The truth is, I have for whatever reasons (genetic, cultural, perhaps a lack of a tribe or because of my privileged life), a love of diversity but an aversion to sentiments of “tribal” divisiveness and projection, be they from fear, paranoia or a sense of righteousness; be they Judaic, Islamic fundamentalists attacking the infidel and seeking Shariah Law, those who will be saved only by believing in Christ, the so-called Hindutva forgetting the overall Indian spirit and history of diversity and tolerance, more ‘traditional’ tribal battles and so on – or even Scientific dogma, that sometimes simply discards mentions of mystery and consciousness into the New Age lost and found bin.

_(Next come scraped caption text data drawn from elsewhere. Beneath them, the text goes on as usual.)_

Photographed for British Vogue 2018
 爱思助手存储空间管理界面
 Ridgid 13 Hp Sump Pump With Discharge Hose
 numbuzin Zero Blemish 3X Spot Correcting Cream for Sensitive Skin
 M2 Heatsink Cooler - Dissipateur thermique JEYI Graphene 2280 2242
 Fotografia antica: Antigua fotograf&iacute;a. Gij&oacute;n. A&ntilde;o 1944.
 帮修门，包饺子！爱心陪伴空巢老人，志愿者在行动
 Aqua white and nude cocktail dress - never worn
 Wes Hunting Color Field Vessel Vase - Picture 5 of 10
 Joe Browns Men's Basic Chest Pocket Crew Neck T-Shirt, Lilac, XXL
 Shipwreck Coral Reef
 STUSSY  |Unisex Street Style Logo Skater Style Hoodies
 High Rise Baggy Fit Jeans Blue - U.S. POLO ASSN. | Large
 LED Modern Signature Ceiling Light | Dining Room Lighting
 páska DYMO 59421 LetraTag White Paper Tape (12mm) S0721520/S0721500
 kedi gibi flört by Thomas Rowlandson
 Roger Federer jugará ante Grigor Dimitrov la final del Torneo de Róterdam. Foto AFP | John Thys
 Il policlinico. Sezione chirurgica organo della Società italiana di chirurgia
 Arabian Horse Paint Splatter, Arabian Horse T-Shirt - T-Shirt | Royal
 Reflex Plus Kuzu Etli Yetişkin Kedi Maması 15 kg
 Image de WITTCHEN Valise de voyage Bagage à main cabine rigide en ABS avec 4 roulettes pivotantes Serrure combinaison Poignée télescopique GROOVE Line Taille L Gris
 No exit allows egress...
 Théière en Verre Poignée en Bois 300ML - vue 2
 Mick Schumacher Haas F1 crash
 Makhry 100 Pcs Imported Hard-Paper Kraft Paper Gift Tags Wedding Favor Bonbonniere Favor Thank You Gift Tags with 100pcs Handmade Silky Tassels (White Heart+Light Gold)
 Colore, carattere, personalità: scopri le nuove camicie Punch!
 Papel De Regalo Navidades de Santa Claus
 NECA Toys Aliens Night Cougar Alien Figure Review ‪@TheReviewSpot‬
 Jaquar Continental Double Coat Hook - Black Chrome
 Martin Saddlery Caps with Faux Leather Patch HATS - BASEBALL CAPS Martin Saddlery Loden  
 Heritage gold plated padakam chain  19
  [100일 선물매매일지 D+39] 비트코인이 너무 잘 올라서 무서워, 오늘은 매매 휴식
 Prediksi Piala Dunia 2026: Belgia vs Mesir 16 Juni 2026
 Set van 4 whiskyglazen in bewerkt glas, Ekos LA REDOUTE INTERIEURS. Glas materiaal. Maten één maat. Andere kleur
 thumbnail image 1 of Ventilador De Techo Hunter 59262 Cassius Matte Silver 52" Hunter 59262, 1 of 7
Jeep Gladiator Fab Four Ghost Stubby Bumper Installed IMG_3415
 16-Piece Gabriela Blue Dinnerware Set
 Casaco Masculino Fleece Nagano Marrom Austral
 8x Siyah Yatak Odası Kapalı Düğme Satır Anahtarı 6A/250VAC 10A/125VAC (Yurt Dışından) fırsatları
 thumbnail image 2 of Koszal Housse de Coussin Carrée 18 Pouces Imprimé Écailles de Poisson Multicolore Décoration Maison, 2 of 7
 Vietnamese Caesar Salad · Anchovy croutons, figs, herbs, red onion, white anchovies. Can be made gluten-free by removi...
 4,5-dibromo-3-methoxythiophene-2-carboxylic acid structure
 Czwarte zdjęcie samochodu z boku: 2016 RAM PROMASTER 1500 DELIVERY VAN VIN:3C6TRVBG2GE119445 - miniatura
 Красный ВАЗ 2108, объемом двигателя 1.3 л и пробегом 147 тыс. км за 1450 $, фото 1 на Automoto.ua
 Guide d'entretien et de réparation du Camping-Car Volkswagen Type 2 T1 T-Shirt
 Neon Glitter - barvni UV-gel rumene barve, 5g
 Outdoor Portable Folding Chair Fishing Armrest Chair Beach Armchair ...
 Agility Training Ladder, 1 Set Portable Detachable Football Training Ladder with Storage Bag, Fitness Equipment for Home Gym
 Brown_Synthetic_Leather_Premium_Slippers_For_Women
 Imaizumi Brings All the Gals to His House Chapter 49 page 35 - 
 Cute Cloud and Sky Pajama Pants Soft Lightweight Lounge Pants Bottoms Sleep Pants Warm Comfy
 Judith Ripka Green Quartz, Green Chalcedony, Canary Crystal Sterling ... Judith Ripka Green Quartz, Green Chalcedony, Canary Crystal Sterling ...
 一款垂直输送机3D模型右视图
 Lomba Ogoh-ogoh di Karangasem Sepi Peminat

I try to seek the road of trusting people more, hopefully with strength and discernement. This is not naive. I do believe for large parts of the world, perhaps particularly in the West, cross cultural love and respect for different beliefs is the norm – fundamentalist ignorance being the headline grabber.
When someone at the talk mentioned Palestinians as, I think, “terrorists, so-called,” a woman in maybe her 60s said, quote, “They are terrorists.”
I said, “Not all of them!” – in as sweet a way as I could, and my brain went to the news reports from last year where former Israeli Prime Minister Benjamin Netanyahu was joyously celebrating the weekend 60th anniversary remembrance of Israeli terrorist group Irgun bombing the King David Hotel in 1946.
The bombing sped up British departure from the subjugated country – which is one of the obvious reasons these types of attacks happen – killing some 92 people, most of them civilians, 41 Arabs, 28 British and 17 Jews, too (and, doing the math, I assume a few others).
The leader of that underground group was Menachem Begin, who would later become Prime Minister and was voted in 2005 the political man Israelis missed most.
Of course, ongoing suicide attacks are insane and a symptom of life losing all sacred value (interestingly, I heard elsewhere suicide bombing has been significantly lessened, obviously, since the building of the wall in Israel), but I’m still surprised when I hear uninsightful blanket statements (they are terrorists!) about a people – and disgusted should they come from me.
HUMAN NATURE
I found Frisch friendly if unexpansive. Nonetheless, I was reminded of what Doris Lessing had once said in her wonderful book Prisons We Choose To Live Inside. She said, paraphrasing her, “Never forget some people actually like war.”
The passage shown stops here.